**Work instruction**
In the records below, find the line with "38182 Emery Ln, Prairieville, LA 70769", then copy each line exactly until you have copied the line with "59 Fisher Rd, Mahwah, NJ 07430-1584". Leave any picture out.

Pictures with short captions:
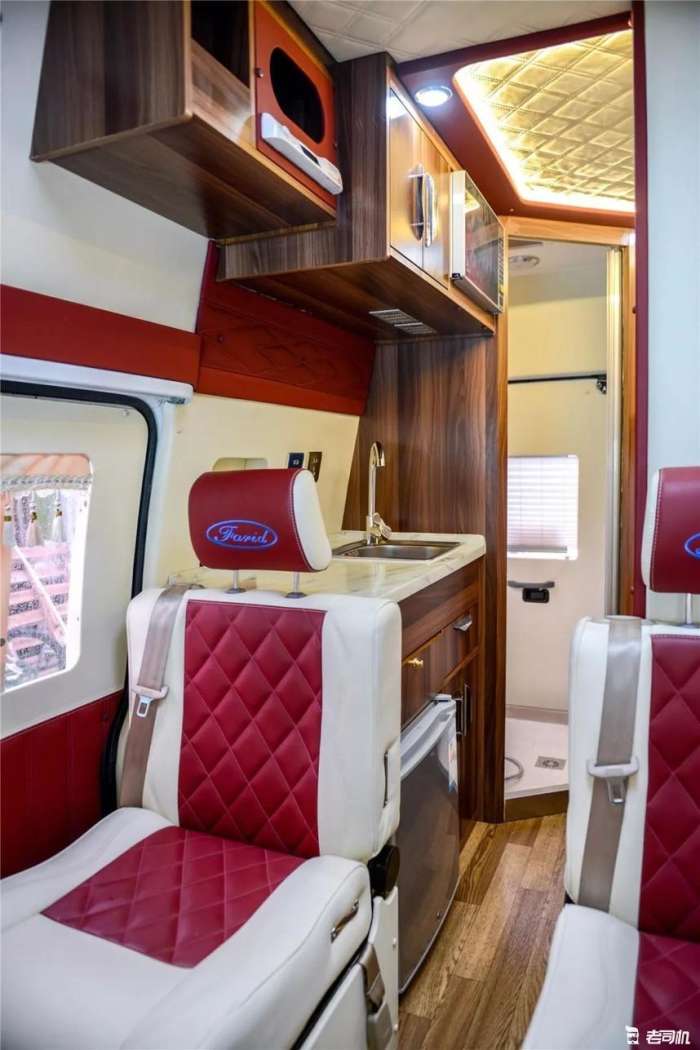 福特经典全顺改装房车 23.8万到手核载6人 开出去比普拉多舒服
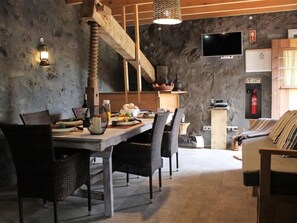 Dining - "Vinea Lava" mit Blick auf das Wasser by Interhome (Prainha)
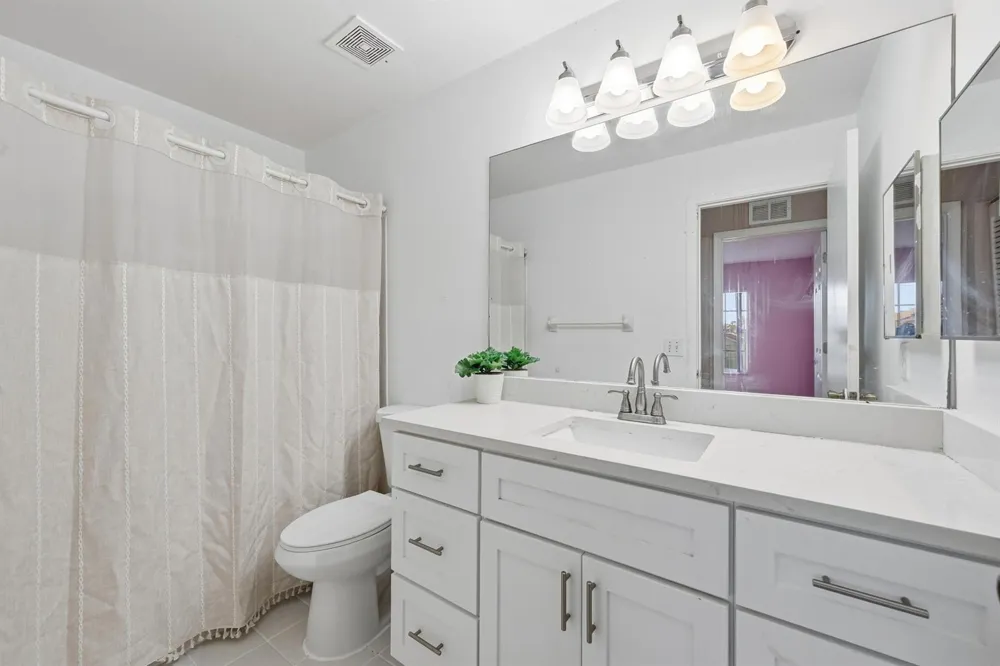 306 NW 115th Way Coral Springs, FL 33071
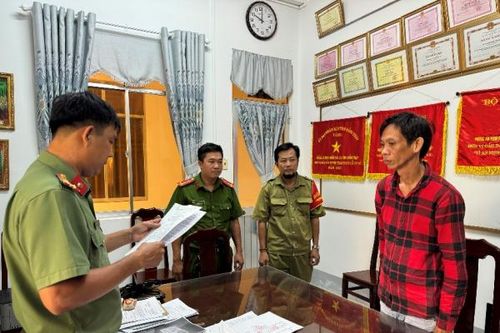 Lên mạng mua súng quân dụng mang về phòng trọ cất giấu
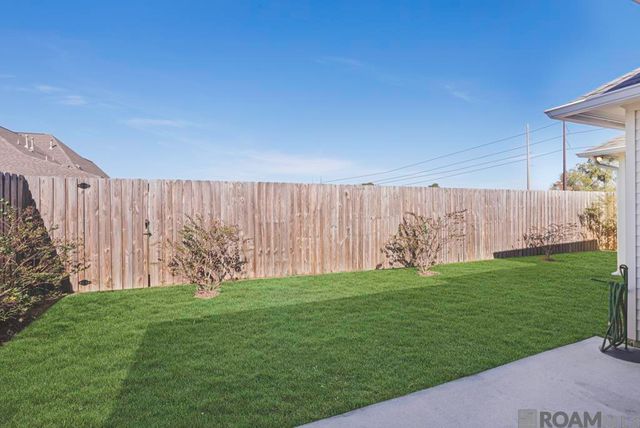 38182 Emery Ln, Prairieville, LA 70769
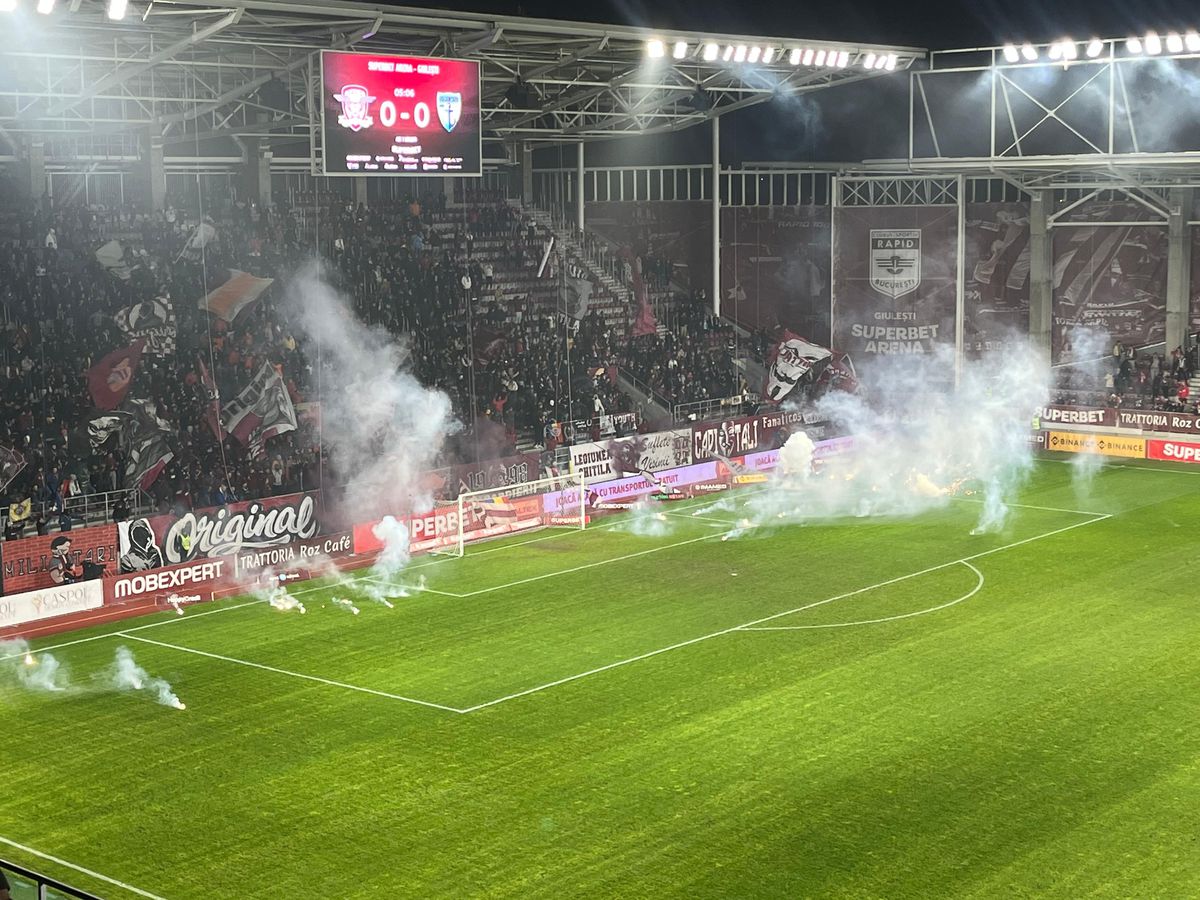 S-au aruncat torțe și petarde în Rapid - FC Voluntari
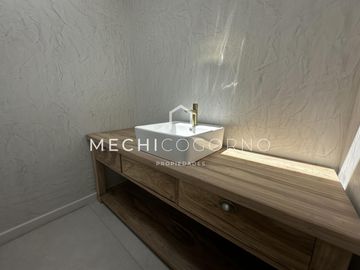 Casa en venta de 4 dormitorios en Santa Ana, Villa Nueva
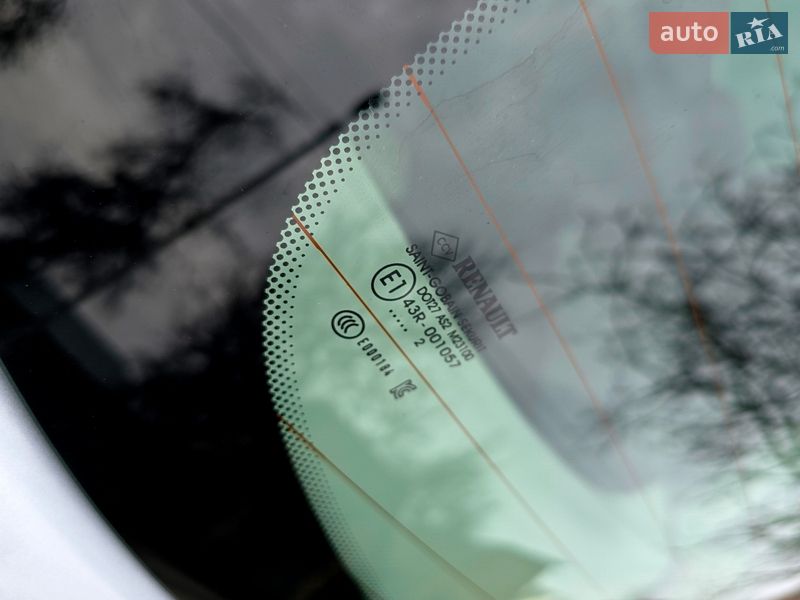 Хэтчбек Renault Zoe 2022 в Киеве фото 25 Хэтчбек Renault Zoe 2022 в Киеве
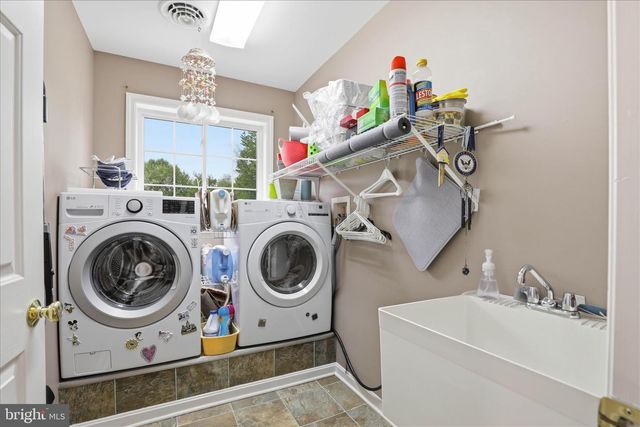 28 FARMINGTON WAY, New Providence, PA 17560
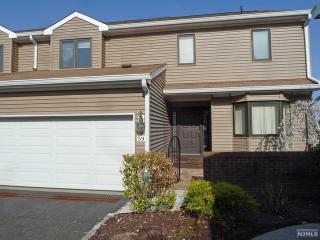 59 Fisher Rd, Mahwah, NJ 07430-1584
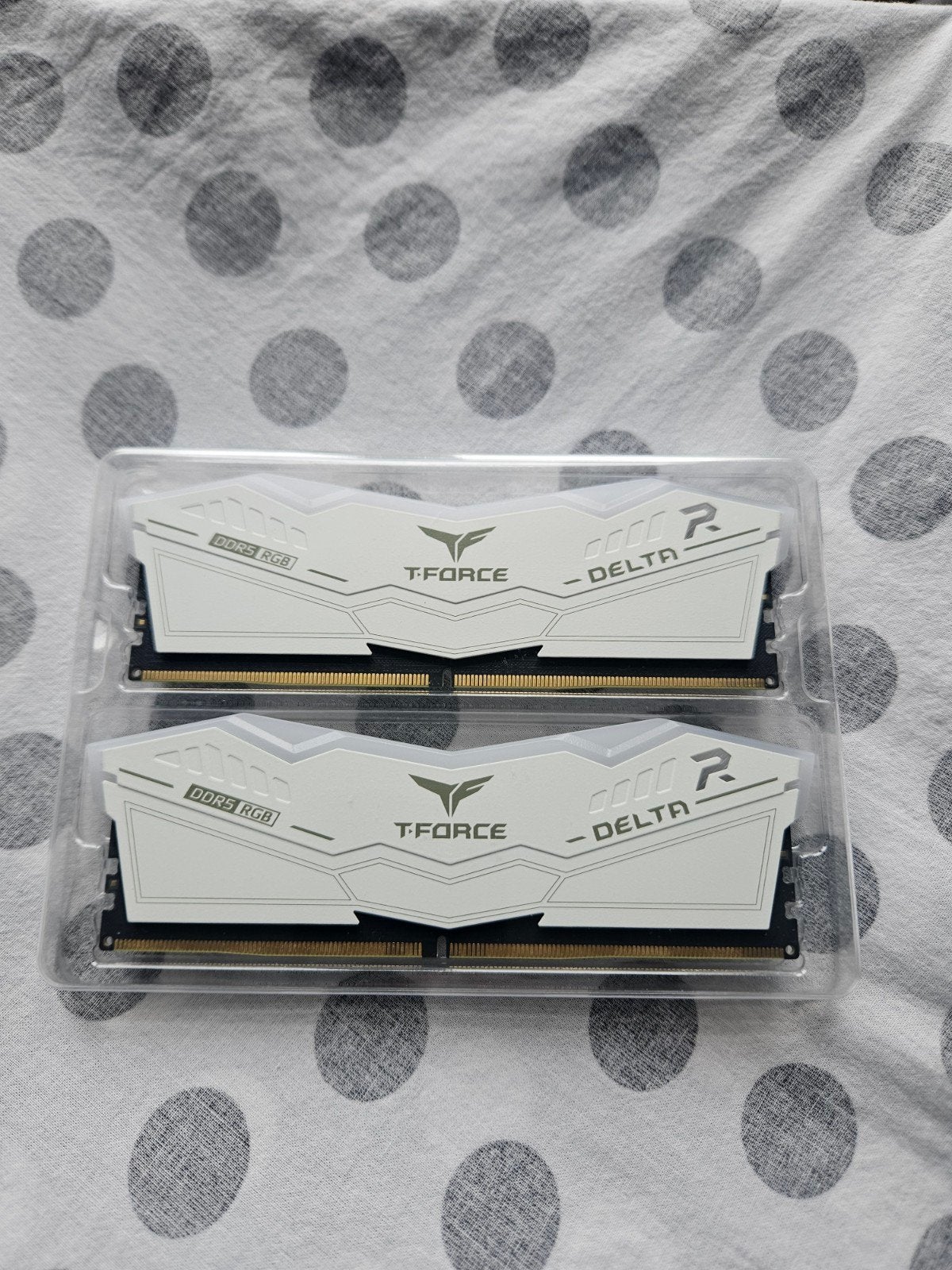 16GB DDR5 6000MHZ TEAM GROUP T-FORCE DELTA RGB !, Computers en Software, RAM geheugen, Ophalen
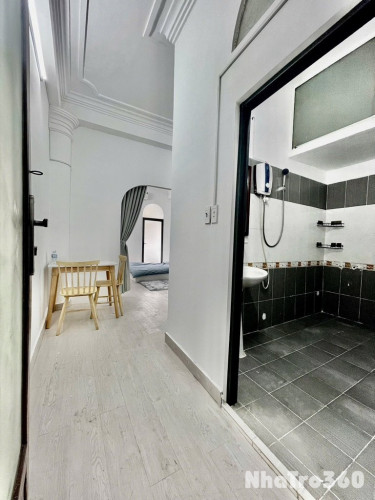 STUDIO TÁCH BẾP SIÊU RỘNG BANCOL THOÁNG QUẬN 10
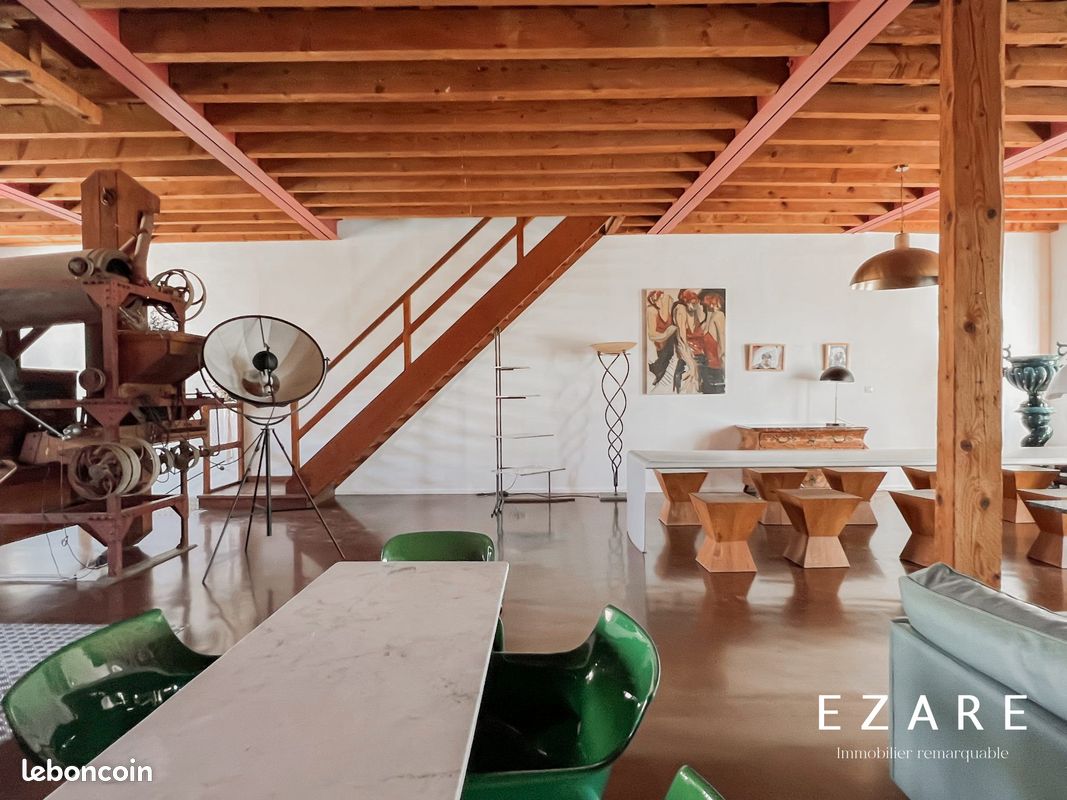 3 bedrooms House in Beaune, France No. 201129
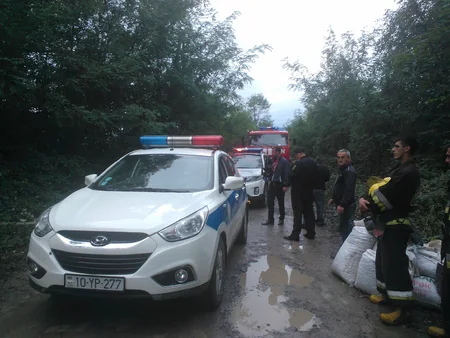 Azərbaycanda II qrup əlil avtomobil qəzasından xəsarət almadan çıxıb - FOTO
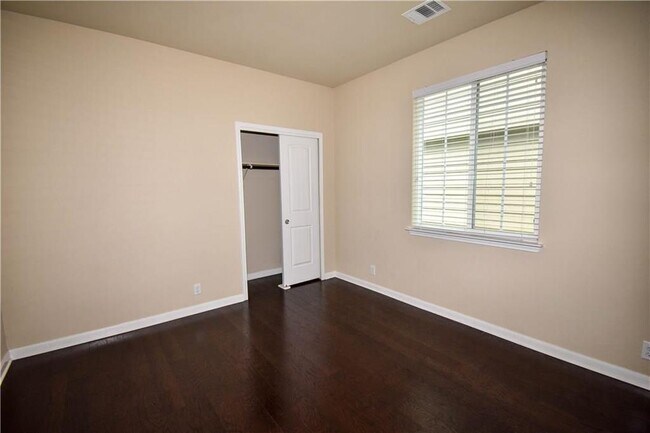 Building Photo - 8548 White Ibis Dr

**Solution to this task**
 38182 Emery Ln, Prairieville, LA 70769
 S-au aruncat torțe și petarde în Rapid - FC Voluntari
 Casa en venta de 4 dormitorios en Santa Ana, Villa Nueva
 Хэтчбек Renault Zoe 2022 в Киеве фото 25 Хэтчбек Renault Zoe 2022 в Киеве
 28 FARMINGTON WAY, New Providence, PA 17560
 59 Fisher Rd, Mahwah, NJ 07430-1584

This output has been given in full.